» Records provided:
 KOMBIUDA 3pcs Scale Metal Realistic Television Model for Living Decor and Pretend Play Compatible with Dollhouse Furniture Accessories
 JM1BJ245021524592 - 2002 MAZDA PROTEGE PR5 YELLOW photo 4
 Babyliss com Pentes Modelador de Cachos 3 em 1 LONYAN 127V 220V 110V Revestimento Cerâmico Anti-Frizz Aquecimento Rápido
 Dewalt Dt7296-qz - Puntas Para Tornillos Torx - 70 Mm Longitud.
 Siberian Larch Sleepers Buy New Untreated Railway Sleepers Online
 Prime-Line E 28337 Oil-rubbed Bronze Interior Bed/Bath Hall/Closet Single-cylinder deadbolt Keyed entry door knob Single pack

---

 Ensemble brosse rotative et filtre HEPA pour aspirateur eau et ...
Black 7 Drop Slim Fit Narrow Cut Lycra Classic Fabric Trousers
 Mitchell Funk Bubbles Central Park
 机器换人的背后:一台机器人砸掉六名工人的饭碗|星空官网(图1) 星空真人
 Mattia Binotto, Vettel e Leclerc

...

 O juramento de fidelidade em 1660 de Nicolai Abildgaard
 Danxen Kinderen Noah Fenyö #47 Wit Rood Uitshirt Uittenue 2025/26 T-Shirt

» Work order:
Going down the listing above, begin printing at the line with "Ensemble brosse rotative" and finish with the line with "Mattia Binotto, Vettel e Leclerc", exactly as they appear.

» Answer to this exercise:
 Ensemble brosse rotative et filtre HEPA pour aspirateur eau et ...
Black 7 Drop Slim Fit Narrow Cut Lycra Classic Fabric Trousers
 Mitchell Funk Bubbles Central Park
 机器换人的背后:一台机器人砸掉六名工人的饭碗|星空官网(图1) 星空真人
 Mattia Binotto, Vettel e Leclerc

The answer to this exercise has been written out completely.